The offshore gaming operators, or POGOs, exploded in popularity in 2016 after President Duterte reversed anti-online gambling policies and put PAGCOR in charge of processing all offshore online gaming licenses. With locals barred from participating in the gameplay at these POGOs, Mandarin-speaking Chinese nationals began to apply for online dealing jobs in droves. According to the Phillipine’s Amusement and Gaming Corporation, there are currently 60 licensed POGOs in the Philippines. Critics, however, state that this number is a gross misrepresentation of the true figures and that the number is actually far higher.
Since January 2017, revenue from these operators has grown from $113 million to over $150 million, an increase that has been linked to the influx of Chinese players. While the Philippine’s doesn’t deny that many of its players are Chinese, it isn’t fully convinced that most of the players are based in China, therefore making the activities legal.
”“I think, in their culture, they like gambling. But it’s not automatic that if the players are Chinese, they are all from China. The players are mostly Chinese, but we are not sure if in fact, they are all from China,””– Victor Padilla, Senior Manager of Policy and Offshore Gaming Licensing, PAGCOR
In a bid to prove that it is taking China’s concerns seriously, PAGCOR has agreed to stop issuing licenses to new operators while the investigation is underway. Lawmakers have also voiced intentions to introduce more restrictions on Chinese visitors to curb the chances of them being recruited into illegal casino work.

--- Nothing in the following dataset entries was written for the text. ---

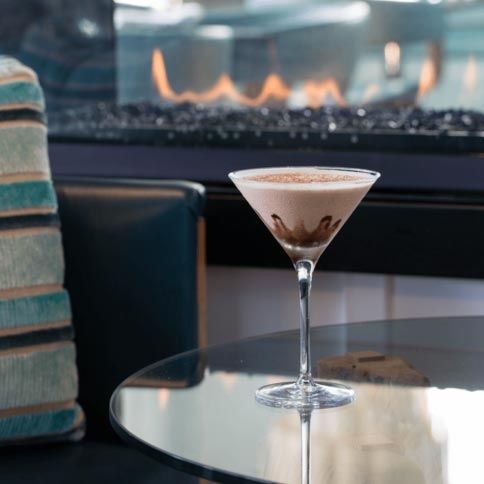 A martini is on a table in front of a fireplace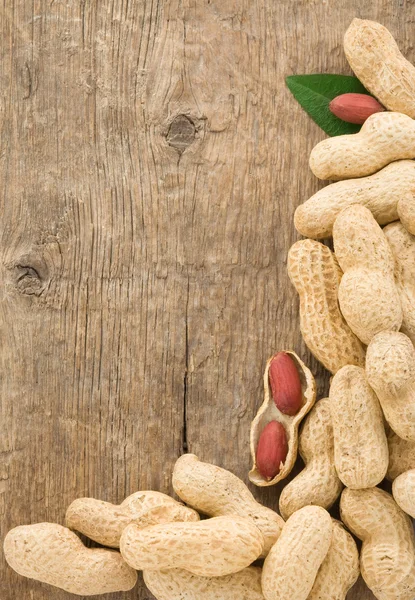 Pistachios nuts fruit on wood background — Stock Photo, Image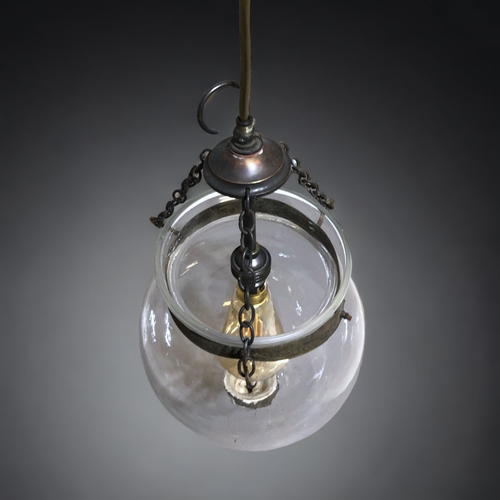 486 - A GLASS GLOBE SHAPE CEILING LIGHT.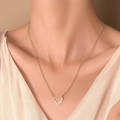 Minimalist gold heart pendant necklace with shimmering zircon stones on a model - KC Gold Full Diamond Heart (S68)
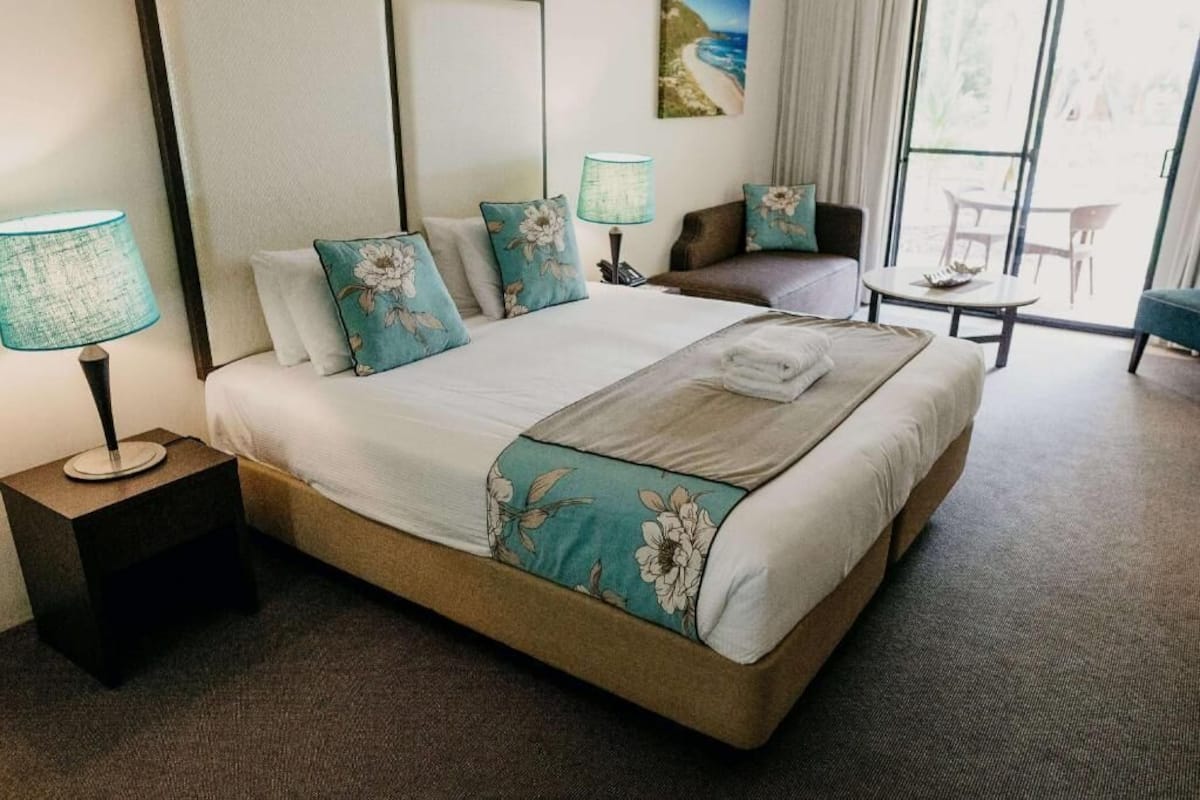 Habitación de hotel con cama, mesita de noche, una silla, una pequeña mesa y vistas al exterior.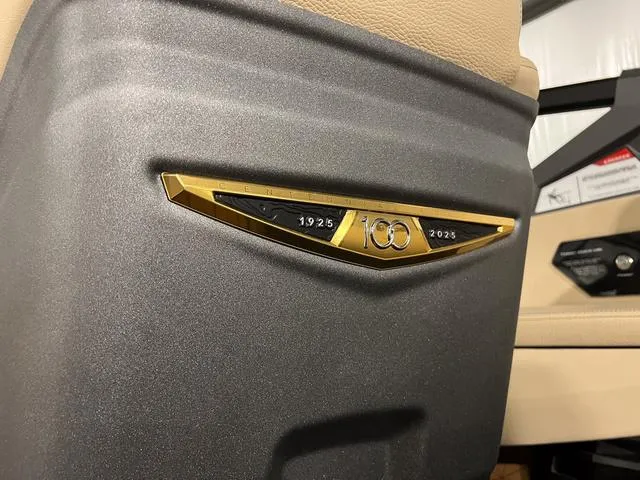 Slide: The Image of 2025 Nautique Super Air Nautique G23 interior, 100th anniversary emblem. - 25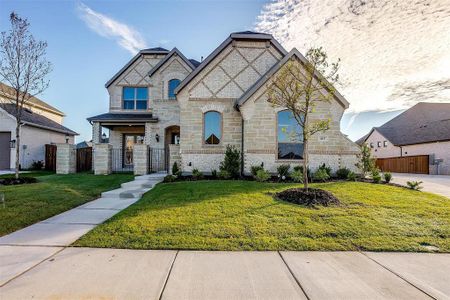 French country inspired facade featuring a front lawn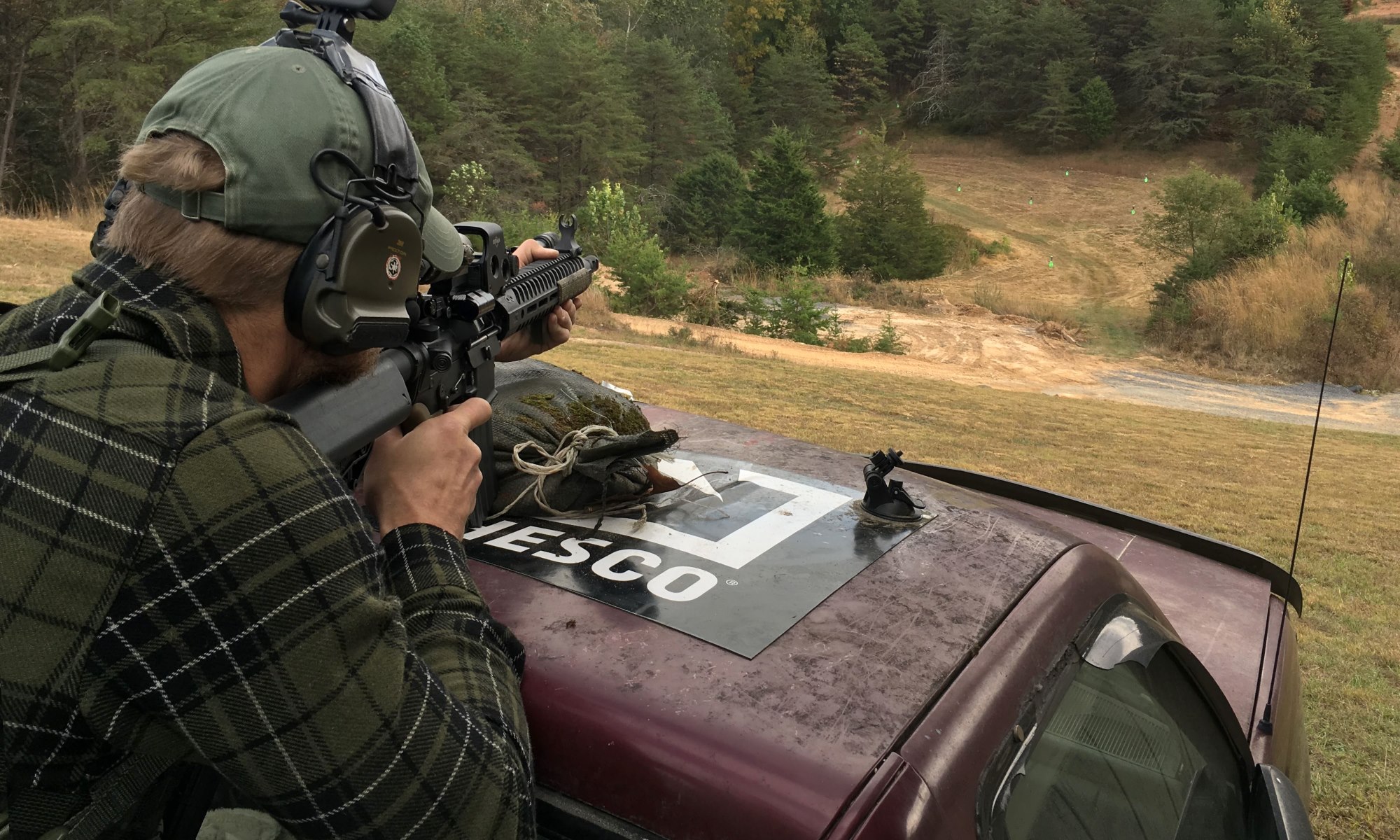 Man on a car on a hill shooting at green targets down below.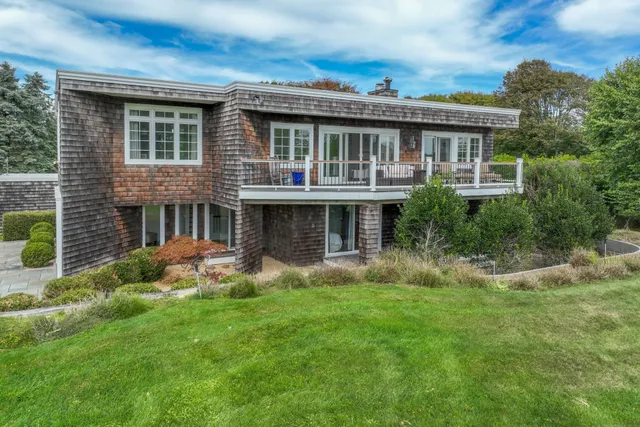 a view of house with a yard and potted plants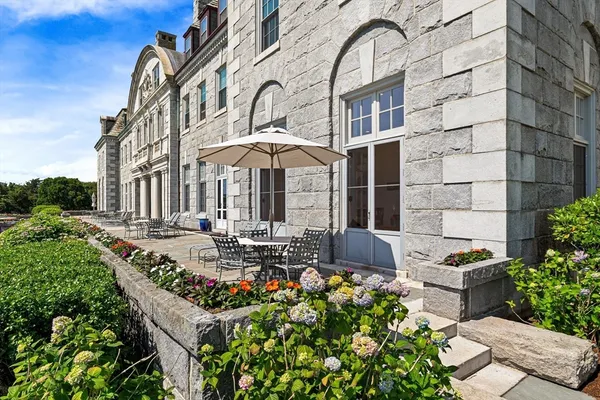 a front view of a house with swimming pool and furniture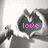 A grayscale image of hands forming a heart shape with the word 'love' in pink text inside, displayed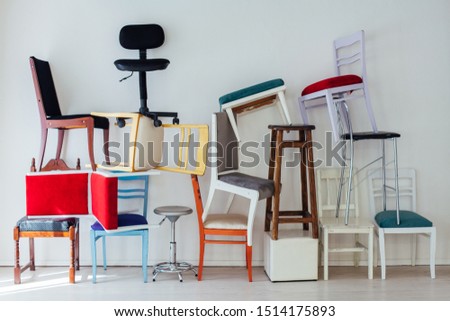 lots of multicolored chairs in the interior of the white room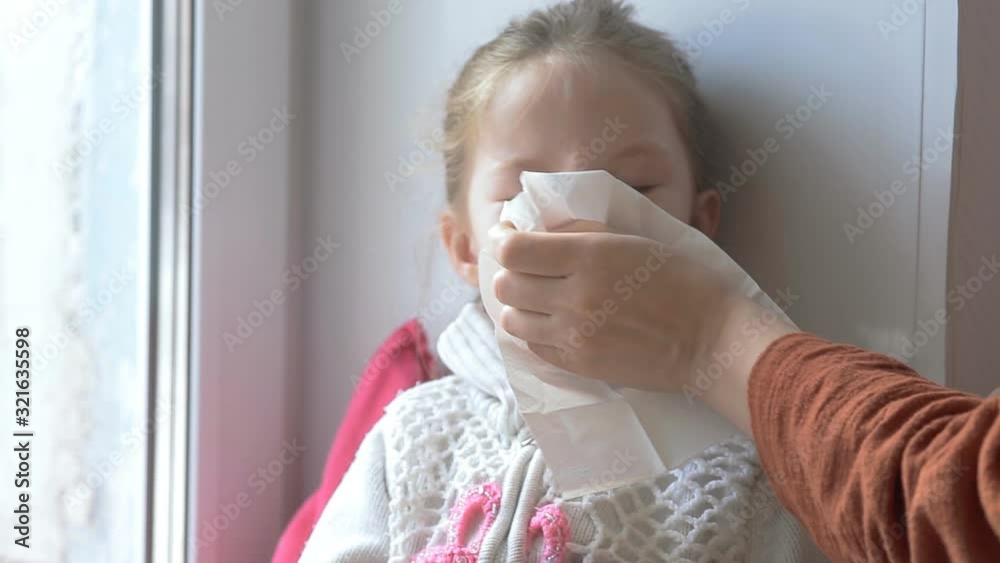 mother wipes snot with her daughter's handkerchief, child's cold mother wipes snot with her daughter's handkerchief, child's cold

Meanwhile, the other nations in the ASEAN region have agreed to China’s requests.
What is ASEAN?
The Association of Southeast Asian Nations (ASEAN) was established in 1967 by Indonesia, Malaysia, the Philippines, Singapore, and Thailand. The aims and purposes of the association were to accelerate economic growth, social progress and cultural development in the region, as well as promote regional peace, collaboration, and support.
Over the course of its history, five other nations in the Southeast Asian region have joined ASEAN. It has been credited by some of one of the world’s most powerful organizations and plays an important role in diplomatic, political and economic decisions not only in the region but internationally.
In 2002, an ASEAN-China Free Trade agreement was signed into effect, strengthening economic and political ties between the nations and China. Between 2003 and 2008, ASEAN-China trade grew from $59.6 billion to $192.5 billion. Strong relations between the nations have resulted in major economic growth for many of the ASEAN states due to China’s growth into a global economic superpower.
This reliance on China has led some to believe that ASEAN has become more pliable to China’s wishes. After China’s request to shut down online casinos, Cambodia, which relies heavily on China for aid and investment, announced plans to ban online gambling by August 2020, citing its use by foreign criminals as an effort to thwart the country’s stability.
Additionally, both Vietnam and Malaysia have recently cracked down on Chinese nationals running or participating in gambling operating within their borders. Over 380 Chinese nationals were detained in Vietnam under suspicion of running an illegal $435 million gambling ring, while 97 Chinese nationals were arrested in Malaysia for running a syndicate that targeted Chinese players in mainland China.
China’s concerns about the lightly regulate ASEAN casino networks have been echoed in a report by the United Nations Office on Drugs and Crime. The report highlights the casinos as being used to illegally launder money as well as facilitate human trafficking.